LNNano - Brazilian Nanotechnology National Laboratory

Nanomembrane-based vertical organic transistors showing a multi-sensing capability


Nawaz, A.; Merces, L.; de Andrade, D.M.; Camargo, D.H.S.; Bufon, C.C.B.

This work presents the development of a vertical organic field-effect transistor (VOFET) platform. The devices are processed entirely via microfabrication and photolithography techniques, in the cleanroom facilities of the Brazilian Nanotechnology National Laboratory (LNNano/CNPEM). The first novelty of our VOFET architecture stems from the utilization of rolled-up nanomembrane (NM) as the top drain electrode that promotes the formation of a soft mechanical contact with the organic semiconductor (OSC) layer and enables the incorporation of sub-50 nm thick OSC layers, corresponding to one of the shortest channels utilized in VOFETs. The second novelty is related to the judicious patterning of the intermediate source electrode with precisely identical circular or rectangular-shaped perforations. The resulting devices show conventional transistor behavior with saturated output characteristics and high output current densities (JD) of ~0.5 A/cm2 at ultra-low operating voltages (≤ 3 V).
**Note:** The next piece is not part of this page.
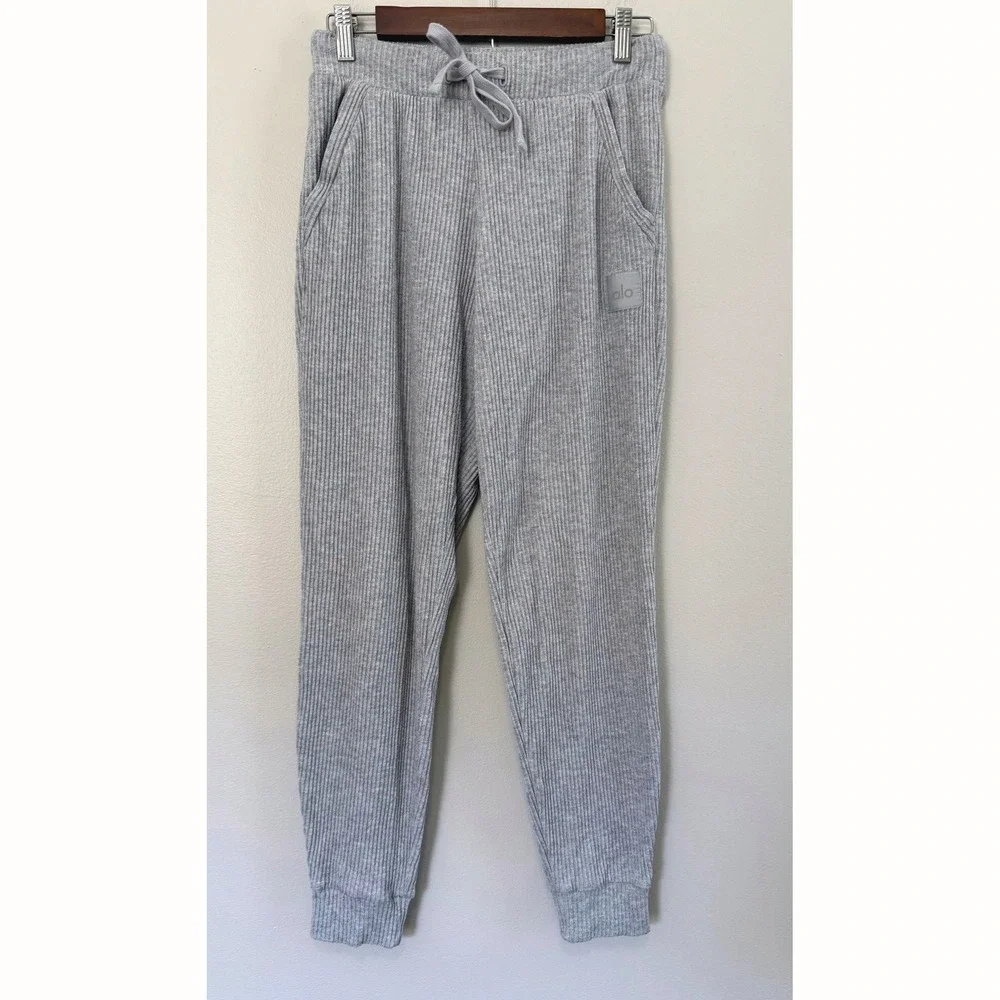 Alo Yoga Muse Sweatpants Women's Size S Heather Grey Ribbed Knit Joggers‎ W5784R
Our theoretical study reveals the dependence of current density distribution on the number of lateral facets (edges) of the source metal. This highlights the role of source electrode edges as a relevant figure-of-merit to deterministically design the source electrode and drastically improve the JD of both academically and industrially manufactured patterned-source VOFETs. Based on our results, we predict that further optimization of the spatial geometry of source-electrode can yield current densities of ~10 A/cm2. Furthermore, we have astutely exploited the use of rolled-up NM drain-electrode to demonstrate the sensing of humidity and light. Hence, in addition to the innovative vertical transistors, our device platform also brings with it great promise to advance next-generation sensor technologies.

“Edge-driven vertical organic field-effect transistors with rolled-up drain electrodes.” Nature Communications, 11, 841, (2020). DOI: 10.1038/s41467-020-14661-x.